**TO DO**
Below are some records. Write out exactly their lines from the one with "هشدار نسبت به" through the one with "实控人,司法冻结,立案侦查,表决权转让", and leave the pictures behind.

*** Opening ENTRIES SHOWN ***

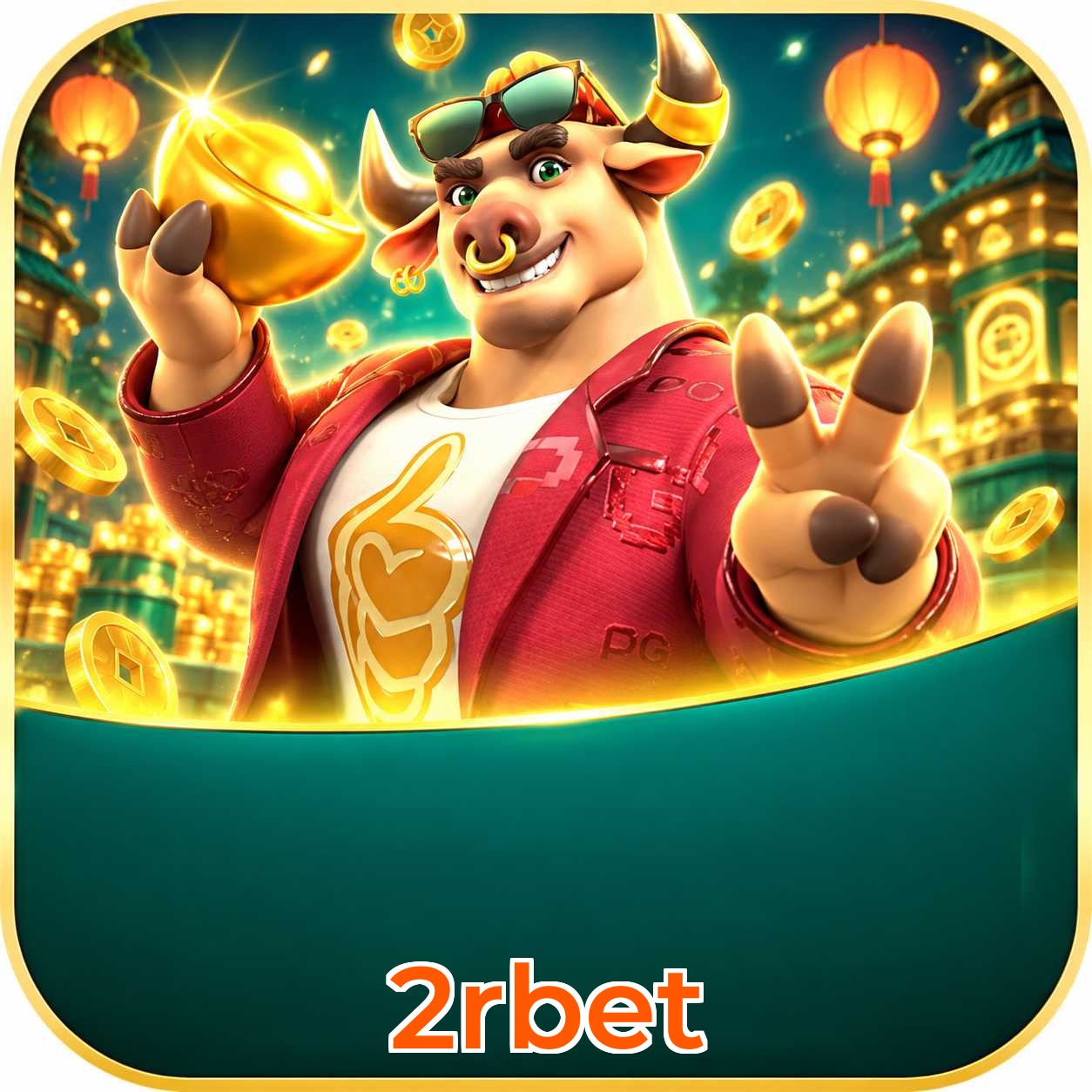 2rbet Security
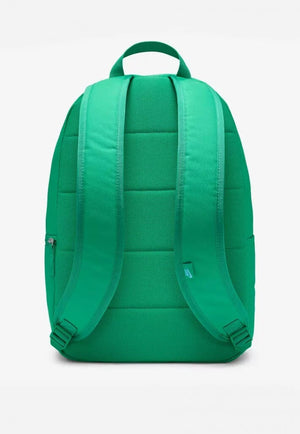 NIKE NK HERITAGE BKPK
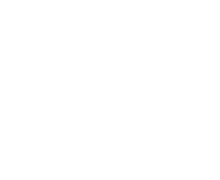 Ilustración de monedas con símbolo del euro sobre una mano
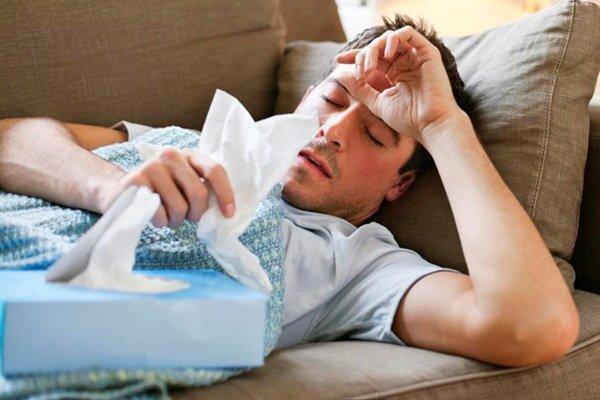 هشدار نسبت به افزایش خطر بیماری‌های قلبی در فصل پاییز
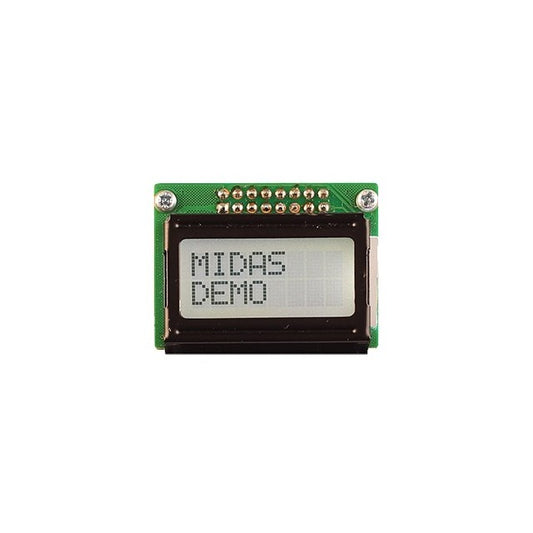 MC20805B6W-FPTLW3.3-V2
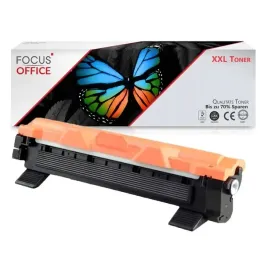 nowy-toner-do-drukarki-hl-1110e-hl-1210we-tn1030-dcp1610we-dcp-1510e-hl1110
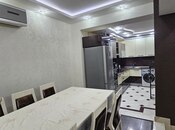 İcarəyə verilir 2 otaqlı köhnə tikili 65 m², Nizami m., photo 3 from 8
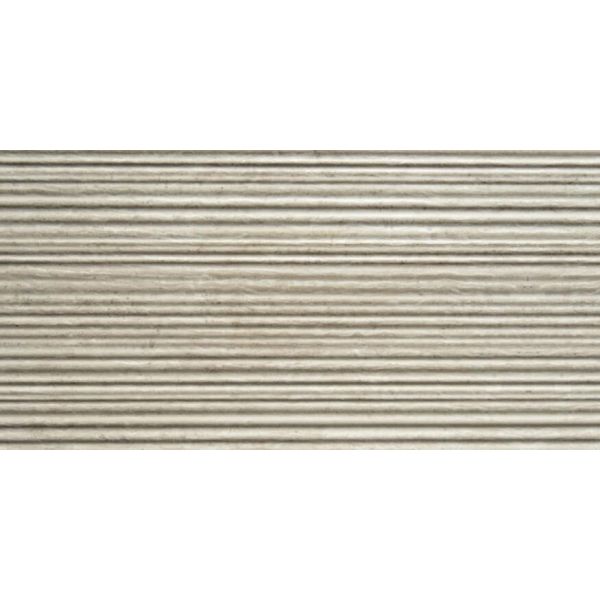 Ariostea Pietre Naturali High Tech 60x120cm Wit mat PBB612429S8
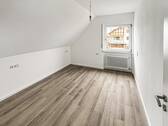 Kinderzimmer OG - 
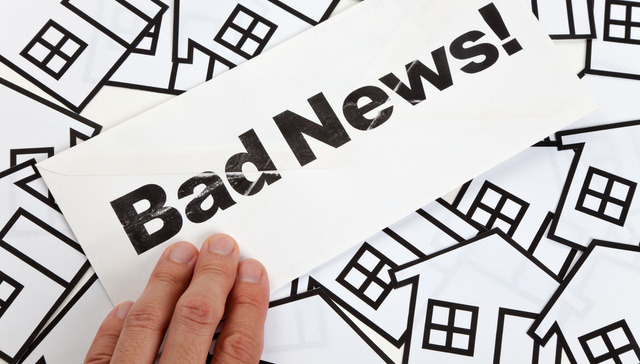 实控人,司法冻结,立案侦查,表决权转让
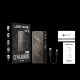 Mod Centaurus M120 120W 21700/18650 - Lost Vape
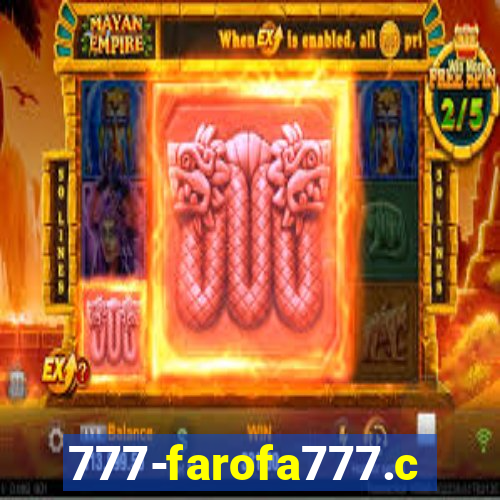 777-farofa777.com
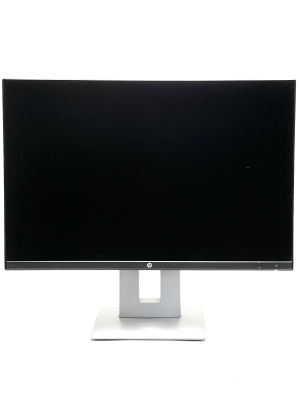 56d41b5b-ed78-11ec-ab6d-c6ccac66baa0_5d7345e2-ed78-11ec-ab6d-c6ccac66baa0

*** Closing ENTRIES SHOWN ***
*** Opening ENTRIES SHOWN ***

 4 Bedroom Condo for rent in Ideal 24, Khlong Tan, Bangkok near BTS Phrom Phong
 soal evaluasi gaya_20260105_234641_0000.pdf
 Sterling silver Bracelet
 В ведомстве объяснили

*** Closing ENTRIES SHOWN ***

**ANSWER TO THE PROBLEM**
 هشدار نسبت به افزایش خطر بیماری‌های قلبی در فصل پاییز
 MC20805B6W-FPTLW3.3-V2
 nowy-toner-do-drukarki-hl-1110e-hl-1210we-tn1030-dcp1610we-dcp-1510e-hl1110
 İcarəyə verilir 2 otaqlı köhnə tikili 65 m², Nizami m., photo 3 from 8
 Ariostea Pietre Naturali High Tech 60x120cm Wit mat PBB612429S8
 Kinderzimmer OG - 
 实控人,司法冻结,立案侦查,表决权转让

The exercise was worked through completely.